Un papier un peu plus développé que le mien peut également vous intéresser:
https://reseauinternational.net/pire-quune-trahison-le-veritable-mobile-du-russiagate/
Je ne connais pas Caroll Quigley et je vais commander son Tragedy and Hope car je ne fais pas confiance à la traduction par Hillard. J’ai l’impression que ses thèses ont nourri la réthorique de groupes comme la John Birch Society (souvenirs, souvenirs…) à Lyndon LaRouche. Cela m’évoque l’expérience du Colonel House et son Philip Dru: Administrator (1912) qui pour les générations précédentes joua un peu ce même rôle. J’ai lu le papier des larouchiens de l’Institut Schiller dans Réseau international. Je préfère lire Tulsi Gabbard dans le texte et non pas leurs interprétations ad usum suum.

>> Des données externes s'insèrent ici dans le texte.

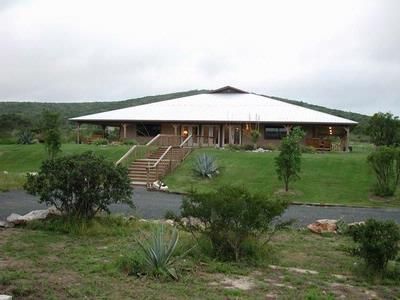 Land in Uvalde County, Texas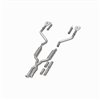 MagnaFlow 2015-2023 Dodge Challenger Série Compétition Cat-Back Système d'Échappement Performance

Bon article de Goychman sur l’empire anglais qui a vécu hélas malgré la City. Vu leurs dettes, leur crise économique, leurs déficits et la crise économique de la pauvreté actuelle qui couve. Même l’Inde ancien de l’empire comme toutes les autres colonies ont adhéré aux BRICS. Que vaut donc la Russie actuelle : c’est 10 fois en puissance de défense l’occident européen et 1000 fois en resources. Alliée avec la Chine et tous les BRICS les 5/6ème de l’humanité il ne reste que les cornemuses anglaises. La France croyait a cru et est fort dépourvue lorsque la bise des BRICS fut venue.
OTAN et anglais ont pris une râclée en Russie. Certes l’histoire anglaise est belle mais dépassée par le souverainisme.
On va le voir prochainement lorsque une seconde bourse de l’OR va apparaître à Saint Pétersbourg. C’est pour cela que Johnson avait menacé l’Ukraine de ne pas accepter la paix en Turquie en 2022.Toucher au marché de l’OR LBMA de la City, choqués et furieux les anglais. Mais Mr Trump l’a bien cité : La Russie est très très forte et alliée avec la Chine ces deux pays sont indestructibles. Alors la guerre Ukraine OTAN contre la Russie continue jusqu’au dernier ukrainien.
On cite les PIB de la Russie 70ème loin derrière la Grande Bretagne et l’occident mais tout cela sont des leurres de l’utopie monétaire. Car l’occident européen est endetté de plus de 36’000 milliards de dettes irremboursables et la Russie seulement 325 milliards tous garantis.